It seems as though those devils over at SGS Universal gaming have a real penchant for games which hark back to the perhaps the most infamous era within American crime history - the roaring 20s. Dangerous days when sharply dressed gentlemen in suits carried .45 sub machine guns at their hips and had free roam over entire inner city areas, controlling the flow of narcotics and other controlled substances. Days when a man could go from being a nobody to a fearsome and rich overlord in the space of a few days flat.
Dark days indeed, though undoubtedly an era which is looked back on with a certain degree of respect and admiration, for reasons unknown. Perhaps the genuine air of excitement experienced by those who lived to tell their tales in the ensuing decades played a part in this era’s infamy, or maybe it has something to do with innumerable movies and works of literature that act to bolster the reputation of cities such as Chicago, New York and Los Angeles during this decade. Either way, America in the 1920s remains one of the most iconic and game changing periods and places within recent history.
With this, it’s plain to see why a games developer may choose to base a game of theirs in amongst the action of this decade. One of the most well known cities of this time was of course Chicago – the heartland of infamous gangers Al Capone; who's exploits transcended decades to remain a rich part of American culture to this day.
Chicago is city in Illinois in Americas Mid-West. It’s also the name of this awesome little slot game from the team at SGS Universal – who as already covered, seem to love every little thing about the Prohibition era United States of America.
With 5 reels and a grand total of 20 paylines, this game may not be the biggest out there, but is none the less a pretty fearsome beast. For starters, the games theme is highly intuitive and allows for a heightened level of interactive play that other games released this year don’t even come close to touching. With some pretty intense and very impressive graphics, as well as some charming (if not a little intimidating!) sound effects, we challenge anyone to not be at least a little enthralled with this game from the offset.
Emphasis lies heavily on the whole prohibition vibe throughout the games landscape. Starting with the surroundings of the reels as well as the reels themselves, which resemble wooden cargo crates (perhaps containing all manner of contraband materials?).

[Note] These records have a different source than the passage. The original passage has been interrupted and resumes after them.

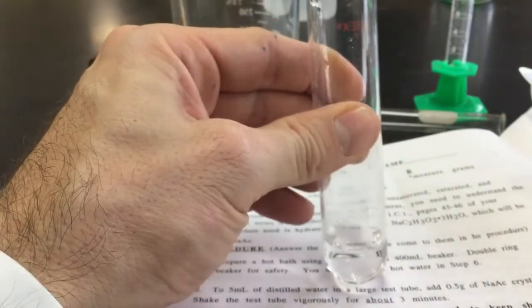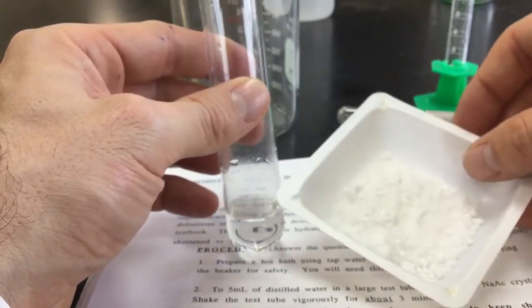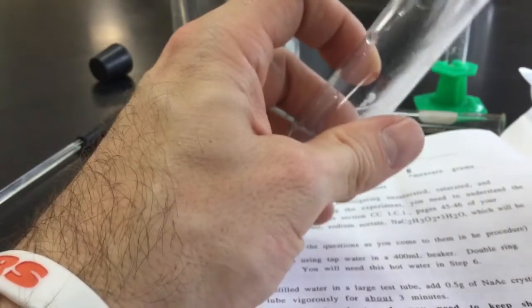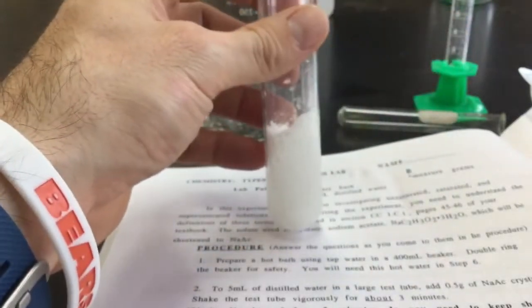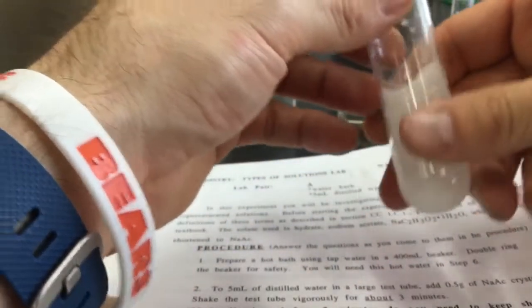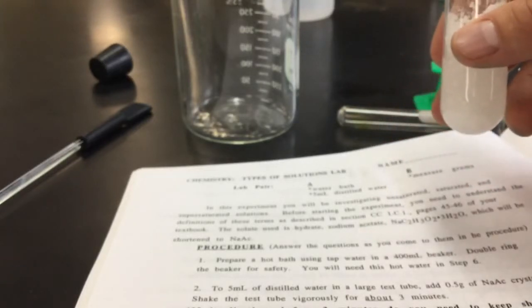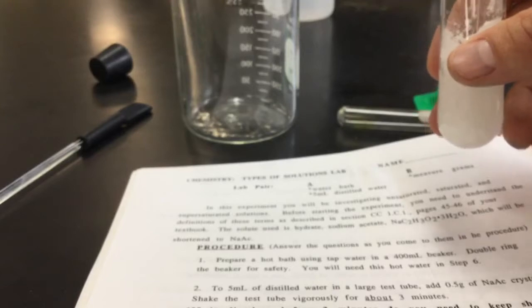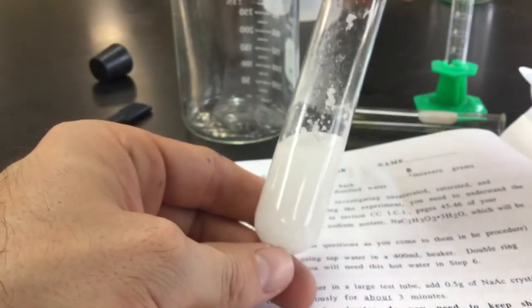The next step asks you to get 14 grams — and this is not a typo, that is 14 grams — which is a huge amount of sodium acetate. You're going to pour that into the gigantic test tube, which is one of the reasons why we're using such a large one. You should notice it'll be really cold to the touch, because sodium acetate is also used in ice cold packs.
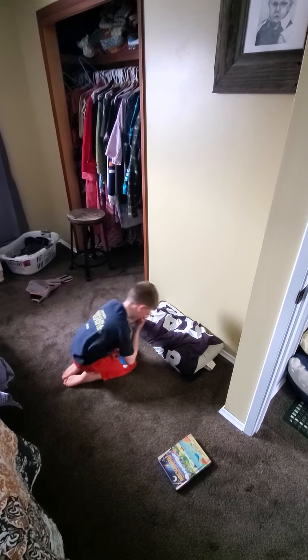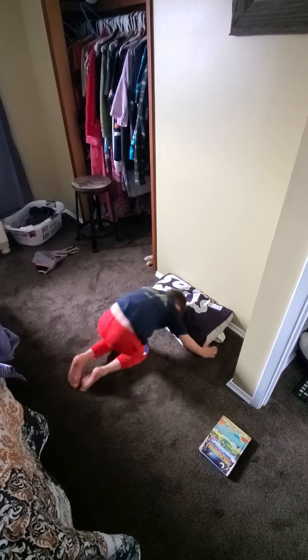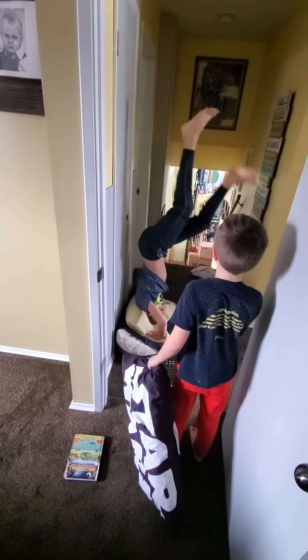Yeah, your practice stretches. You're gonna go up that way. There you go — there we go! He did it!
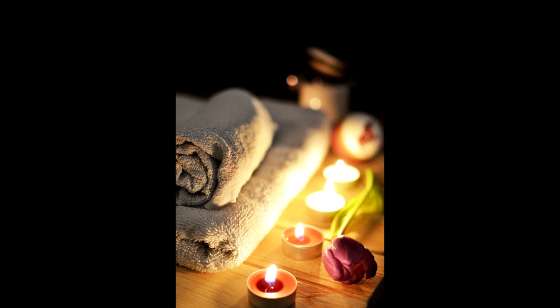In a moment I will count to three and ask you to come back into the room. One, take a deep cleansing breath in and exhale slowly. Two, take another deep breath and exhale. Three, you are feeling calm, confident and relaxed.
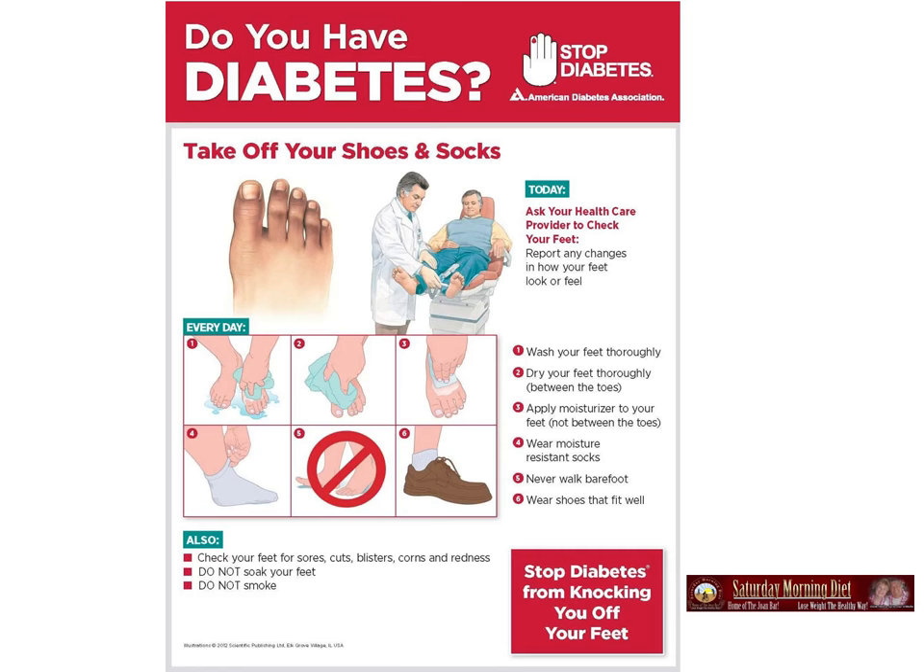Stop diabetes from knocking you off your feet. Also check your feet for sores, cuts, blisters, corns, redness. Do not soak your feet and of course do not smoke. And watch the color of your feet to make sure they're not getting discolored or picking up a dark tint.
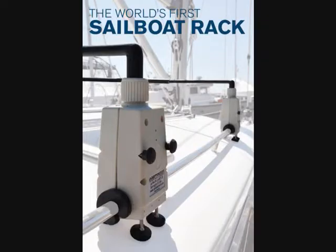The Barrington Marine sailboat rack adapts to most sailboats which have teak or stainless handrails and does not require any drilling. The rack system will not stress the handrails of the sailboat.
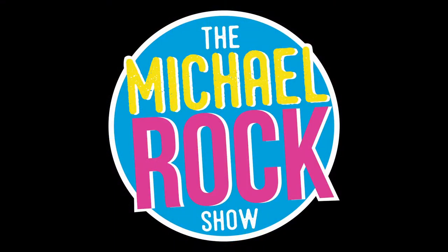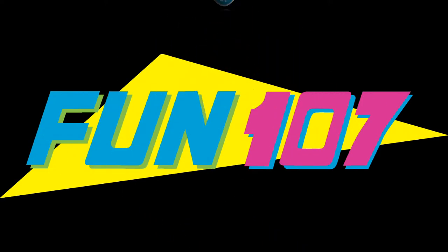I don't know. The Michael Rock Show, Drive time in the morning. 107.1 Fun 107.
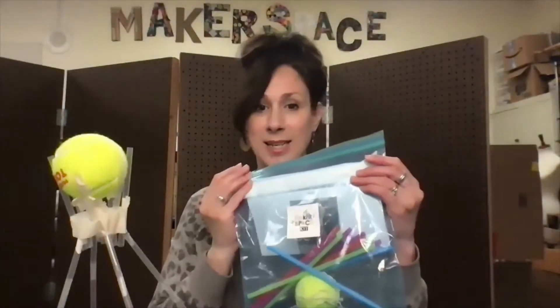Hey there, Peyton Pelicans. It's Ms. Bauer here with your next Makerspace challenge. So this month, it's going to be an engineering challenge. You're going to pick up a kit like this, and it's going to have everything you need to make your very own tennis ball tower.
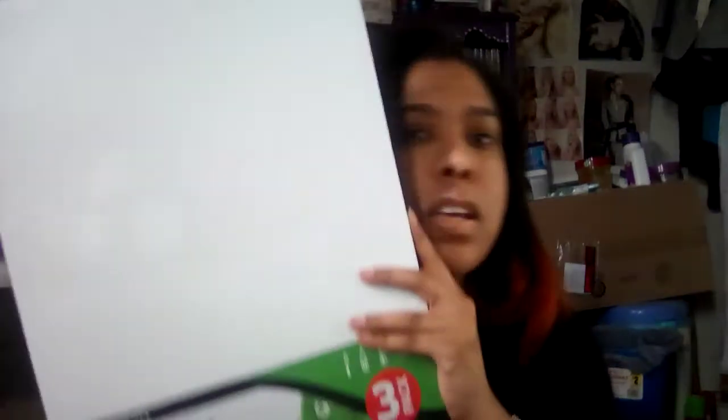Then I got these canvases from Walmart — didn't know they had those! I got a 12 by 16 canvas panel that I'll need to put in a picture frame. I'm going to draw Baby Yoda on one of them, and I might redo my Coraline picture in acrylic paint. I'm not sure on that yet. I think these were around five or six dollars.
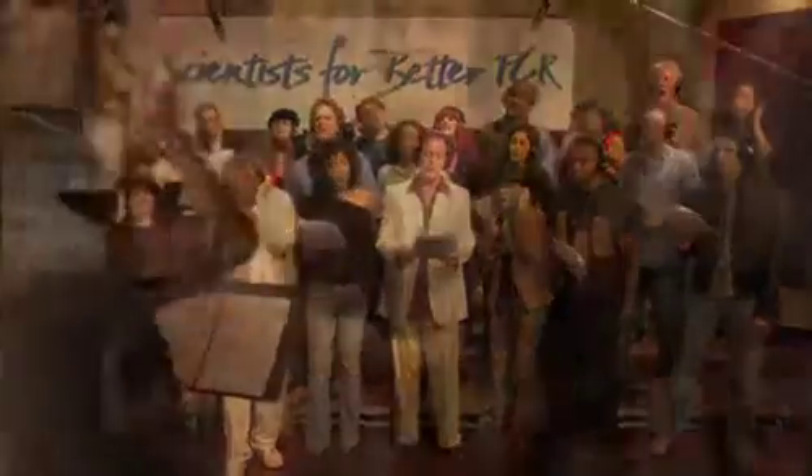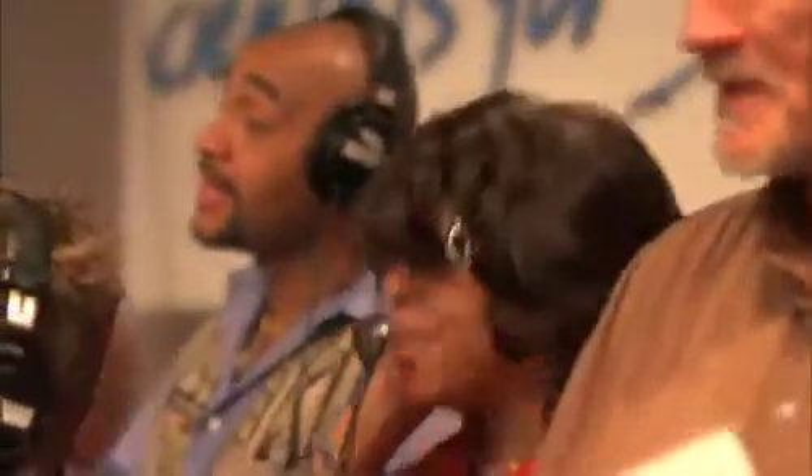PCR when you need to detect mutations. PCR when you need to recombine. PCR when you need to find out who the daddy is.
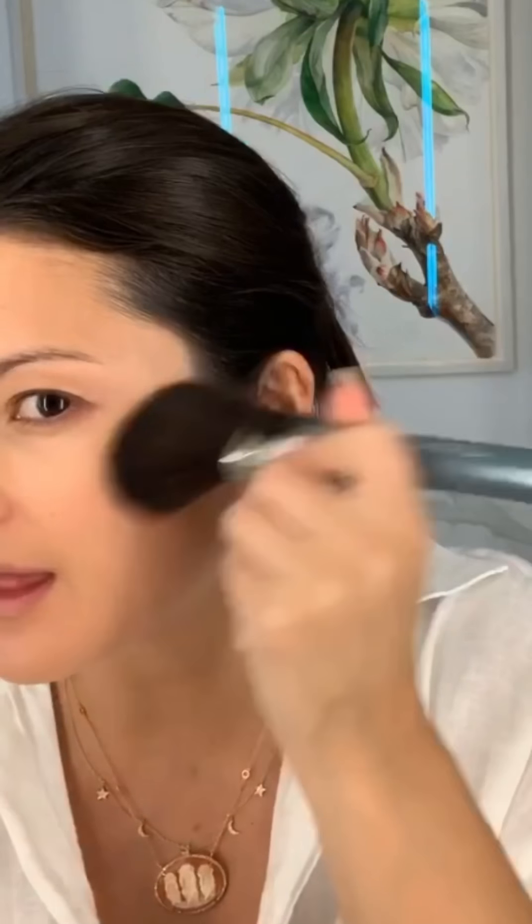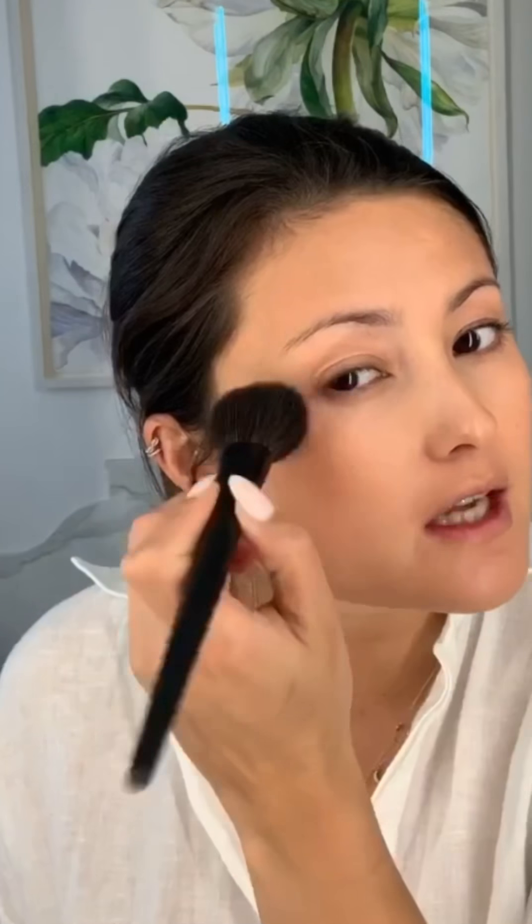Then I'm using my bronzing brush in the bronzing powder and putting that in the areas I normally bronze — this kind of C-shape — and a little bit on the jaw as well. For blush, I'm going to use the Cheek to Chic from Charlotte Tilbury in Ecstasy, just mixing the two colors together and hitting my cheek and up into the arch of my eye.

From here, the game only delves deeper into this territory; its symbols showing up as armed police officers, alluring well dressed molls and those ‘read all about it’ style newspaper boys. Brilliant fun!
During the game’s marauding storyline, players will encounter a typical range of symbols and icons – all of which are in-keeping with the usual layout and build of games such as this one. As already covered, Chicago has 5 separate reels and 20 paylines. Within the scope of these, bets can range from 0.01 to 5.00 per line and a player may activate anywhere from 1-20 lines per spin taken.
Symbols include the aforementioned as well as a trumpet player (we’re going to assume he plays jazz…) and a gangster, with the game’s logo itself acting as the wild – which is of course capable of replacing any of the others across the reels aside from the scatter (a glass of booze!).
We are very much part of the crew of gamers who the SGS team knew they would be drawing in like flies to the light when they decided to turn this game out. As self-confessed 1920s romanticists, there’s very little chance we weren’t going to enjoy this game in at least some capacity.
That being said, this could well be where the appeal of Chicago ends. For those who aren’t wholly bothered about the, albeit quite well executed and captivating theme, there’s not a great deal here to get excited about. With this, this game may struggle to stand up to the greatest judge of them all – time.